Keyword Parsing with ASP

A

ARK

I am writing a search program in ASP(VBScript). The user can enter keywords
and press submit.
The user can separate the keywords by spaces and/or commas and key words may
contain plain words, single quoted strings (phrases), double quoted strings
(phrases).
For example:

Keywords:

Jack, Jill, Jim, "Timothy Brown", Mary OR
Jack Jill Jim 'Timothy Brown' Mary OR
Jack, Jill Jim, 'Timothy Brown' "Mary"

When I parse it i store the keywords in an array. The results must be:

Jack
Jill
Jim
Timothy Brown
Mary

I have tried doing this using Split but am unable to get the Phrases. Some
suggestions, code examples or links would help.

Thanks in advance

ARK.
 
A

Andrew J Durstewitz

You might want to replace the spaces the user puts in with commas and
then use the split command.

strVariable = Replace(strVariable," ",",")
Split(strVariable,",")

Then you should have your array of items.

hth,
Andrew

* * * Sent via DevBuilder http://www.devbuilder.org * * *
Developer Resources for High End Developers.
 
T

TomB

Unfortunately, that would put a comma in "Timothy Brown" as well.
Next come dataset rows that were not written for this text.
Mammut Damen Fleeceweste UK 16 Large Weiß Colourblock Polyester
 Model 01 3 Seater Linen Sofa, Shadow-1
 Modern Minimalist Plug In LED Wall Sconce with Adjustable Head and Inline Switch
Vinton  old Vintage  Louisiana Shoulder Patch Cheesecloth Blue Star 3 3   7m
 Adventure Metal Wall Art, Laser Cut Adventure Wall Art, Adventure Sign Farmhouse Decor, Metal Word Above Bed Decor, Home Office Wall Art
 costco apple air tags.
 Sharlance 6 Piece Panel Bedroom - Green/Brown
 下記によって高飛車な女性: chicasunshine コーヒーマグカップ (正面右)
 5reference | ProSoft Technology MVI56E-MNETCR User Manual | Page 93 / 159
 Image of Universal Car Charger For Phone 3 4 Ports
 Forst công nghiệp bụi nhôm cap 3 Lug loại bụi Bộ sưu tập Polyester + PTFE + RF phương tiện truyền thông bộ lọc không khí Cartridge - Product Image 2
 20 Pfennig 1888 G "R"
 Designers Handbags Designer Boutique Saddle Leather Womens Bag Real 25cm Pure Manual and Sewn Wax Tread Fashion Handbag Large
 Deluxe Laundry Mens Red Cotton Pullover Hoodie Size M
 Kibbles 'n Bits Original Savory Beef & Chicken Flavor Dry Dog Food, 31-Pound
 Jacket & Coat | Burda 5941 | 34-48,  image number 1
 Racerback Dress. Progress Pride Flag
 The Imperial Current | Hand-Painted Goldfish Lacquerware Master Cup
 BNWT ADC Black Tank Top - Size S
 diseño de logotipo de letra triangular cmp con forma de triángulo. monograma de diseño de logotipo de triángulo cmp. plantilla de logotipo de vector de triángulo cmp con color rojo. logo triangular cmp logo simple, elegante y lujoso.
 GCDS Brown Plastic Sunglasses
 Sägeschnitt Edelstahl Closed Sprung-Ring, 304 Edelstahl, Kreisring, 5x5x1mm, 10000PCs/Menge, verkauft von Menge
My suggestion would be to work your way through the string a character at a
time. If the character is a space, and not within quotes (" or ') then add
a comma, otherwise move along
 
A

Aaron Bertrand - MVP

My suggestion would be to work your way through the string a character at
a
time. If the character is a space, and not within quotes (" or ') then add
a comma, otherwise move along

This can get infinitely complex, e.g.

Bob, Mary, "Timothy, Brown" 'franke, "tom, hula hoop" mea, culpa"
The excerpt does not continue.